さまざまな「○○学」がある中で、最近目にする機会が急増しているのが「地政学」です。関連する書籍も次々に発行されています。ただ、見聞きすることが多い一方で、「地政学」は大学の学部名・学科名にはなっておらず、どんな学問なのかよくわからないという声も少なくありません。そこで今回は「地政学」の基本や歴史から、どの学部・学科で学べるのかなどを説明します。

そもそも「地政学」とは?

一言でいうと、地理的な条件に注目して、軍事や外交といった国家戦略、また国同士の関係などを分析、考察する学問です。
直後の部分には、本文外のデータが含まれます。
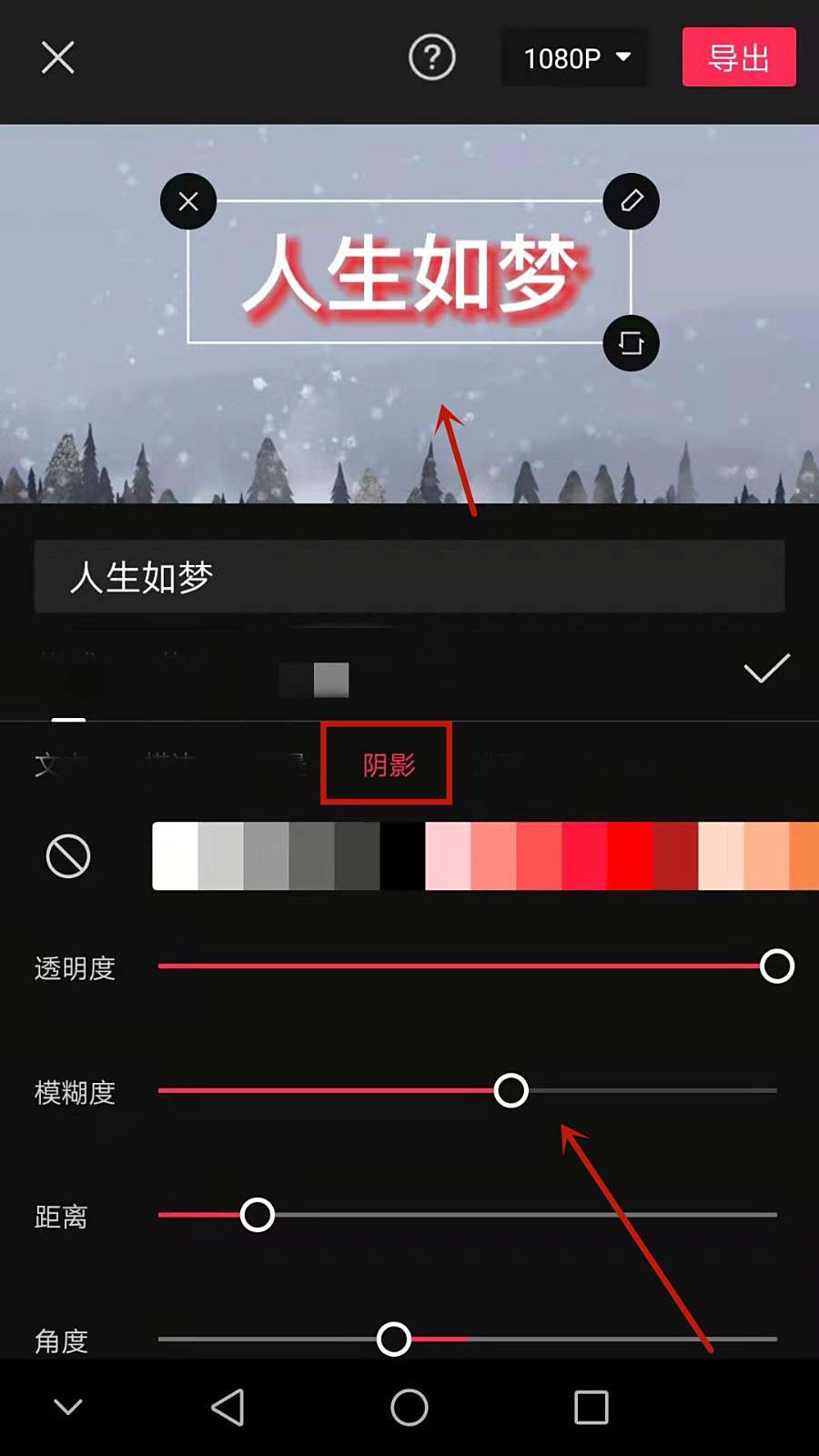 剪映怎么制作立体阴影文字剪映制作立体阴影文字的方法6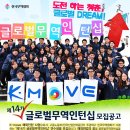 [한국무역협회] 제 14기 글로벌무역인턴십 모집안내 이미지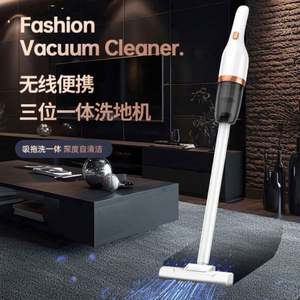 Nouvel aspirateur sans fil portable pour la maison, grande puissance d'aspiration, multifonctionnel, pour nettoyer les canapés et la poussière - Product Image 3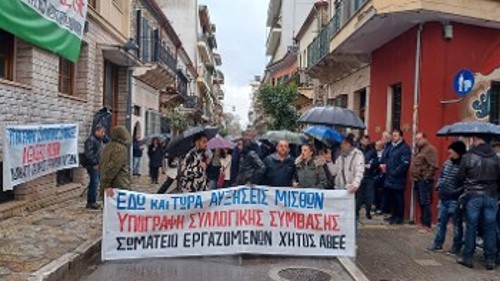 ΓΙΑΝΝΕΝΑ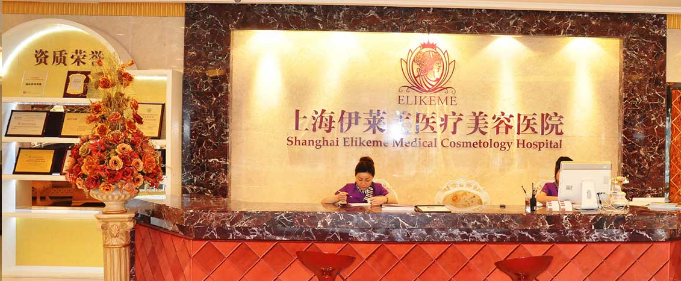 上海伊莱美医疗美容医院整形价格表,全新整形价格表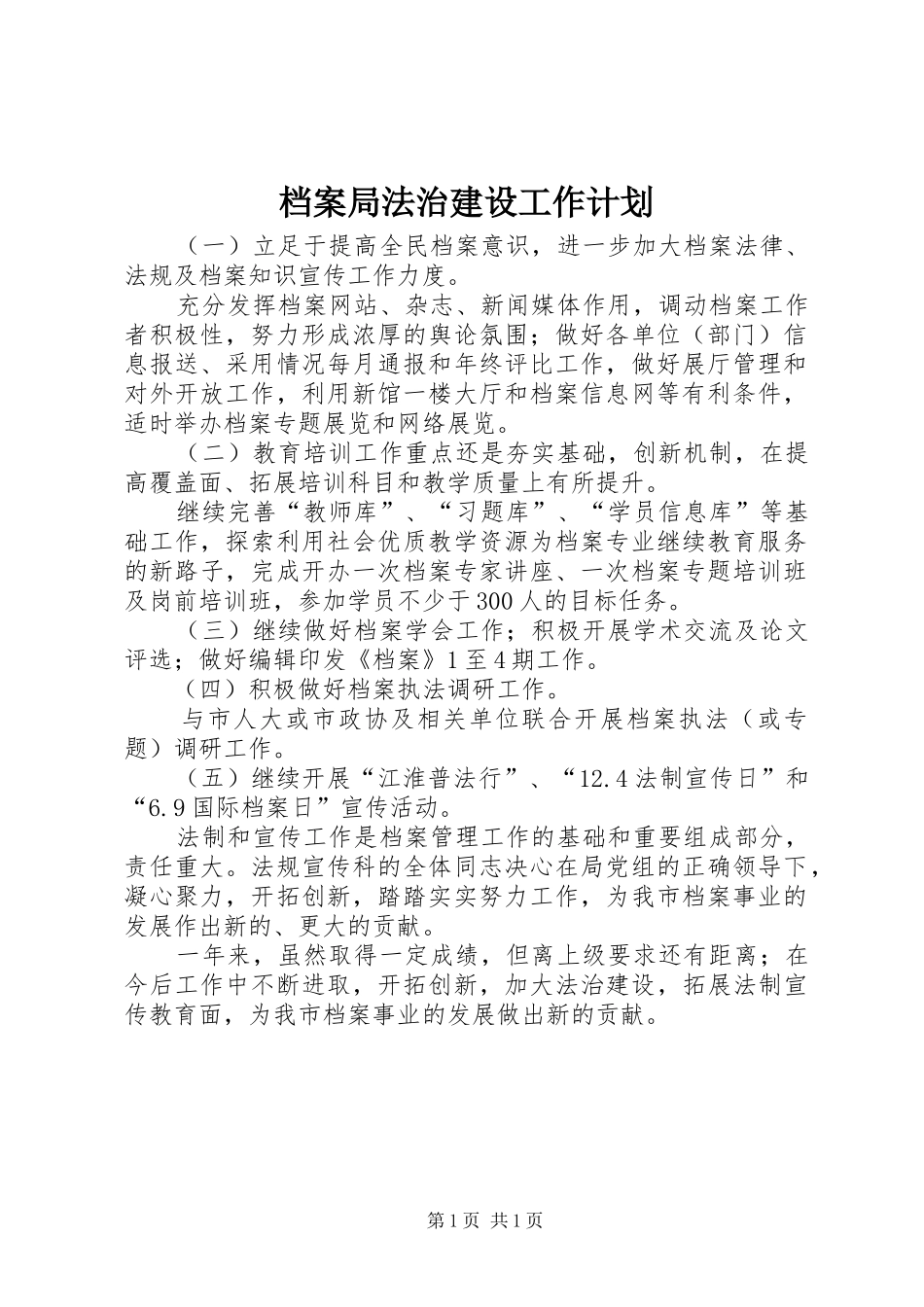 档案局法治建设工作计划_第1页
国というのは、基本的には「ある決まった場所」に存在しています。例えば、日本は四方を海に囲まれた国です。また、オーストリアやスイスといったヨーロッパの国の一部などは、海に面しておらず国境はすべて陸にあります。そうした地理的な条件は、それぞれの国の政治や経済、安全保障などの戦略、国同士の外交戦略に大きな影響を及ぼします。国や国同士の過去の出来事やいま起きていることを、地理的な側面から読み解いていくのが「地政学」なのです。

「地政学」を理解するための基本のキーワード

具体的にはどのように読み解いていくのでしょうか。「地政学」には、基本となる代表的なキーワードがあります。キーワードを押さえておくことで「地政学」を理解しやすくなります。

「シーパワー」と「ランドパワー」

地政学の基本的な概念の一つが、「シーパワー」と「ランドパワー」です。「シーパワー」とは、国境線の多くが海に接している海洋国家(あるいは海洋国家が持つ力)のことで、「ランドパワー」は逆に陸続きで他国と接している大陸国家(あるいは大陸国家が持つ力)のことです。例えば、アメリカや日本、イギリスなどは「シーパワー」の国で、中国やロシア、ドイツなど「ランドパワー」の国とされています。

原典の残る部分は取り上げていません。